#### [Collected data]
☆ ☆ ☆

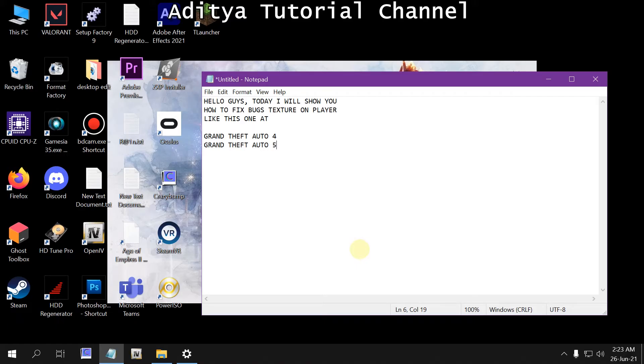Okay guys, welcome to my channel. Today I will show you how to fix bugs in the texture on player or any object.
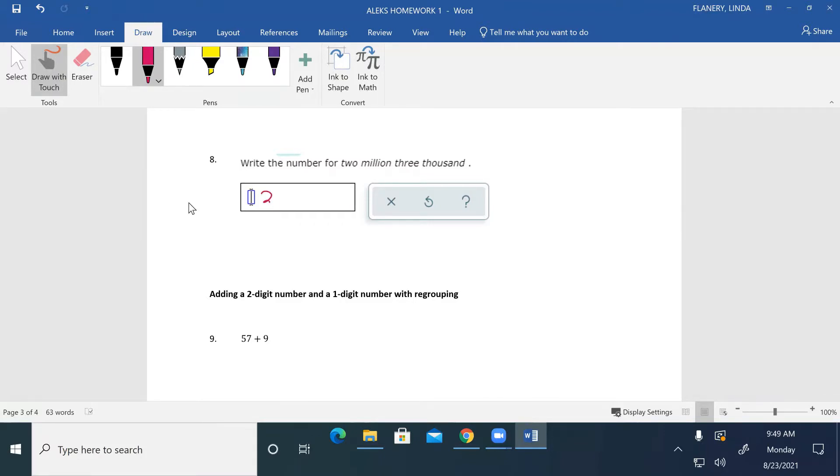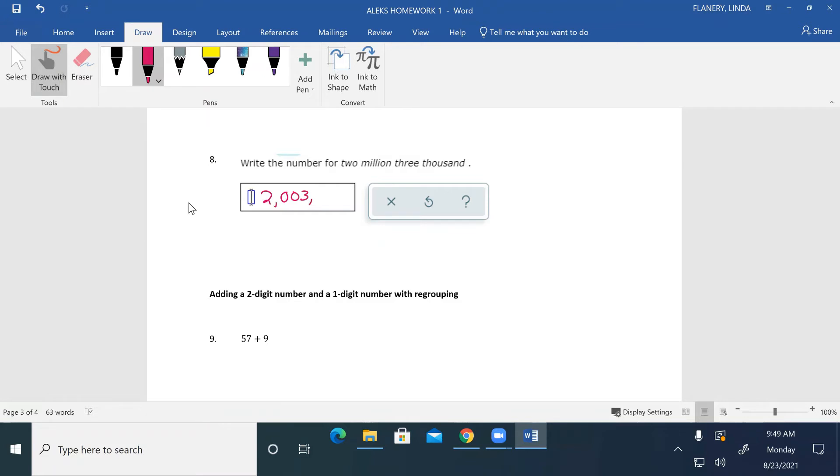Two comma, that's our two million. Zero, zero three. Three thousand, so the three thousand is in the one spot of the thousand section. And then all the rest of our zeros. So two million three thousand, that's how that looks.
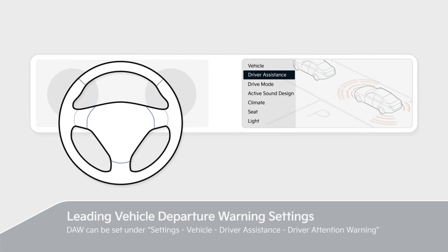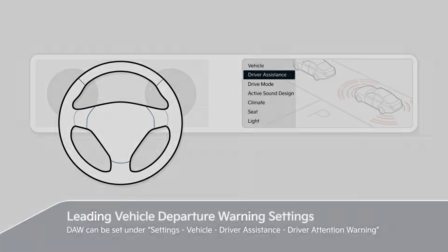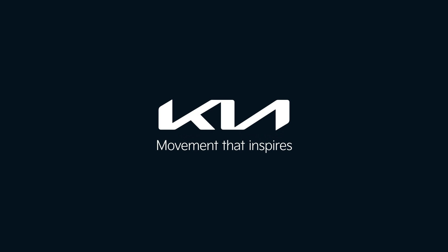Please refer to the owner's manual for details. Kia — Movement that inspires.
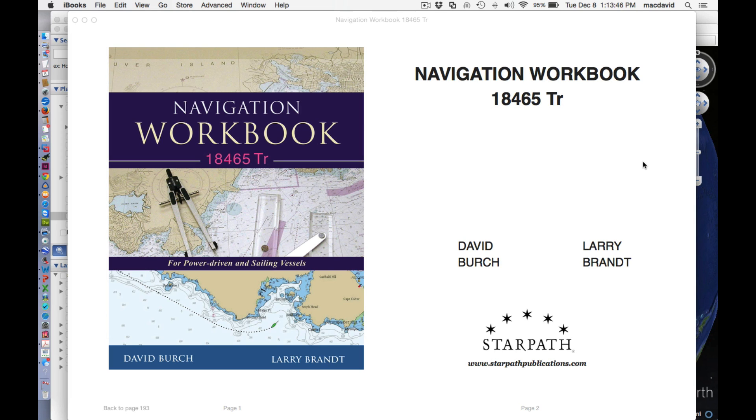Hello, this is David Birch at Starpath School of Navigation with a short video about an unusual way that you can do e-chart practice using Google Earth.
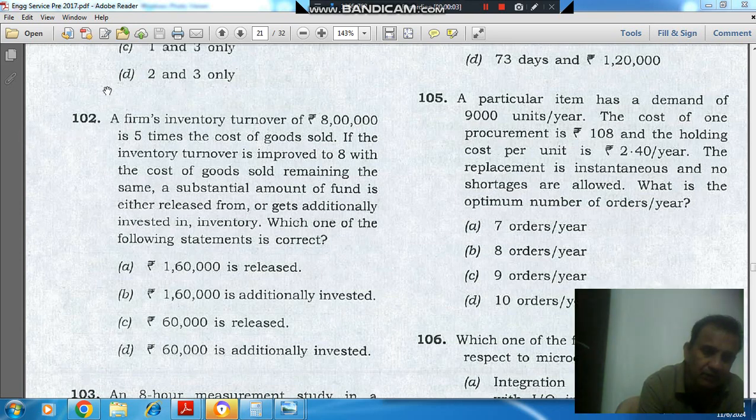Hello, welcome again. We are solving Engineering Services P2017 paper, question number 1028.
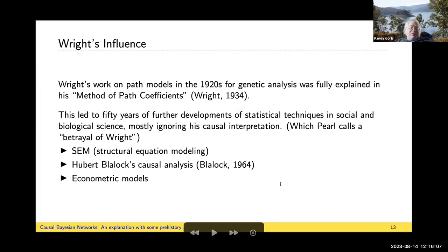Wright's work — and genetics was his main field — was quite influential, and led to basically 50 years of statistical investigation of statistical methods, including structural equation modeling, econometrics where it's one of the more popular tools, and Hubert Blalock's causal analysis methods working with the algebra of expectations. As Pearl notes in the book I'll show you at the end, these techniques pretty much wandered away from the causal interpretation — they either ignored or poo-pooed the causality behind the modeling. Pearl calls this in the book a betrayal of Wright.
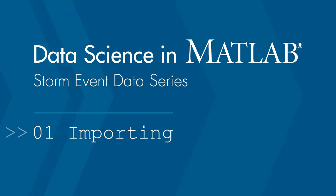Welcome to the Data Science with MATLAB video series. In this video, we'll focus on importing the data, which is the first step in the data science process.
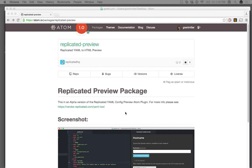Hey, this is Grant Miller with Replicated and I'm just going to walk you through how to use and install our new Atom plugin to help you preview your YAML configuration.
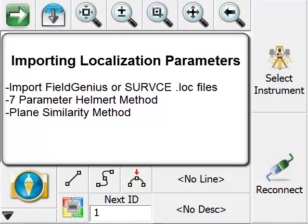In this movie, we're going to go over how you can import localization parameters from either a different FieldGenius project or from a CarlsonServeCE project. You can also exchange parameters in the form of LOC files.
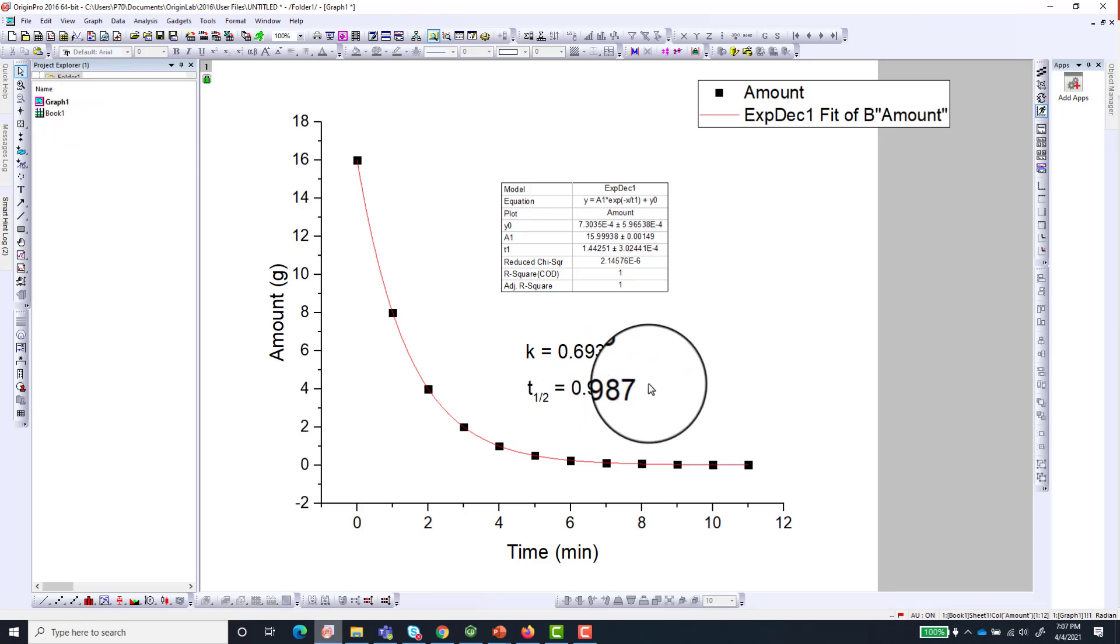Alright, so this is how to fit your data to exponential decay and how to extract the fit's parameters.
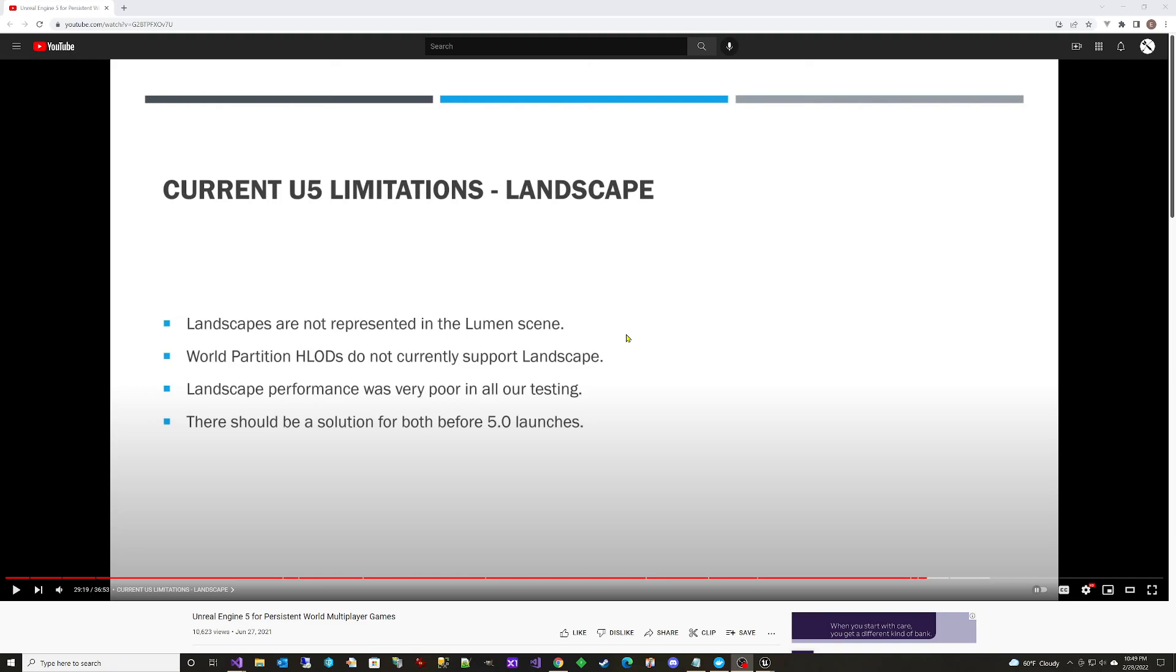And so now as I'm going through UE5 Preview 1, I'm taking a look at did they fix these issues? And so we're going to take a look at this one and see if they fixed it.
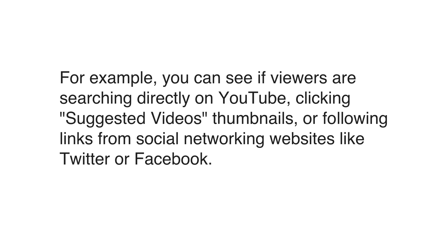For example, you can see if your viewers are searching directly on YouTube, clicking suggested videos or thumbnails, or following links from social networking websites like Twitter or Facebook.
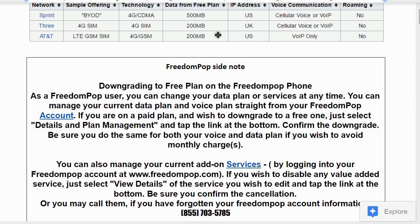Now let's talk about how to downgrade. If you don't want the premium service and are happy with just the free VoIP service, how do you downgrade to the free plan? When you first get the phone, one option charges twenty dollars a month — the premium plan — but the first month is free. So you pay $40 for the phone, get one month free premium voice and data, then it becomes $20/month. If you want to downgrade, follow the steps I'm about to go over.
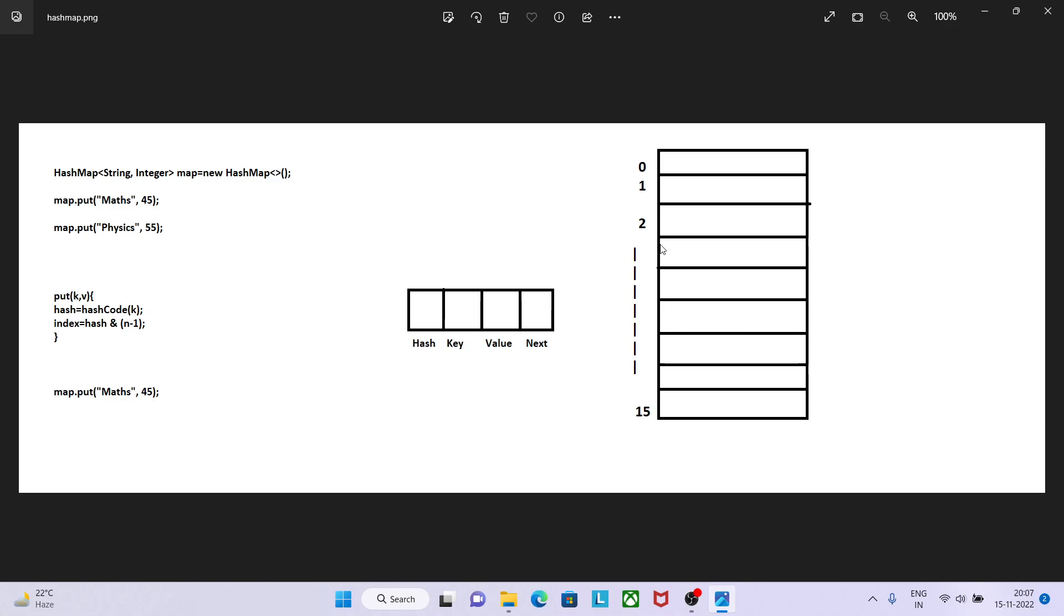So on the 4th position, this node is there. We will write the hash value 4574, key will be math, value is 45, and next will not contain anything.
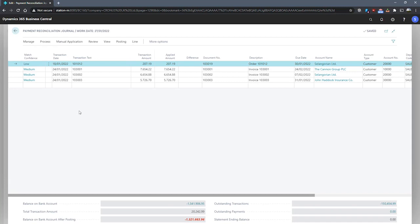A journal is related to a single bank account in Business Central and the journal should reflect the bank account where the payment transactions are recorded.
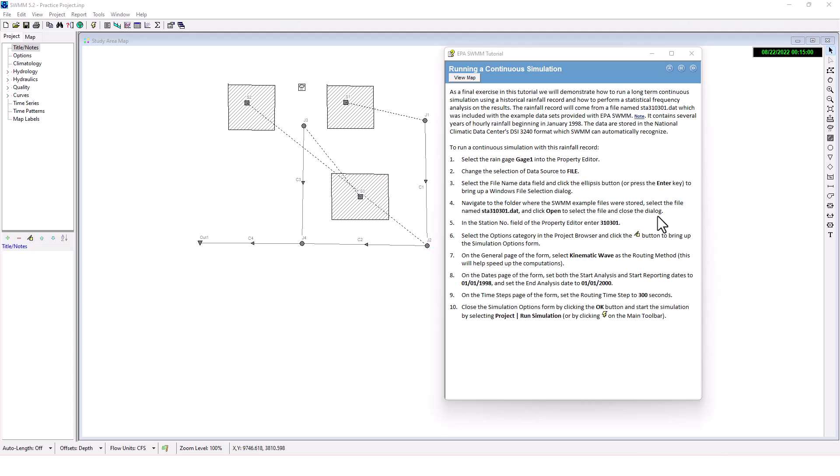Welcome back stormwater designers to our EPA SWMM training series. Today we're going to cover the last part of this EPA SWMM tutorial - how to run a continuous simulation in EPA SWMM. This isn't the best or most perfect way of running continuous simulation, but it can be done in EPA SWMM. Later I'm going to show you a better way to do it, but we're going to finish this tutorial here.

☆ ☆ ☆

Give again, exactly, the lines starting at the first entry above and ending at the line with "Hey, this is"; please leave pictures out.

Okay guys, welcome to my channel. Today I will show you how to fix bugs in the texture on player or any object.
Two comma, that's our two million. Zero, zero three. Three thousand, so the three thousand is in the one spot of the thousand section. And then all the rest of our zeros. So two million three thousand, that's how that looks.
Please refer to the owner's manual for details. Kia — Movement that inspires.
Hello, this is David Birch at Starpath School of Navigation with a short video about an unusual way that you can do e-chart practice using Google Earth.
Hello, welcome again. We are solving Engineering Services P2017 paper, question number 1028.
Wright's work — and genetics was his main field — was quite influential, and led to basically 50 years of statistical investigation of statistical methods, including structural equation modeling, econometrics where it's one of the more popular tools, and Hubert Blalock's causal analysis methods working with the algebra of expectations. As Pearl notes in the book I'll show you at the end, these techniques pretty much wandered away from the causal interpretation — they either ignored or poo-pooed the causality behind the modeling. Pearl calls this in the book a betrayal of Wright.
Welcome to the Data Science with MATLAB video series. In this video, we'll focus on importing the data, which is the first step in the data science process.
Hey, this is Grant Miller with Replicated and I'm just going to walk you through how to use and install our new Atom plugin to help you preview your YAML configuration.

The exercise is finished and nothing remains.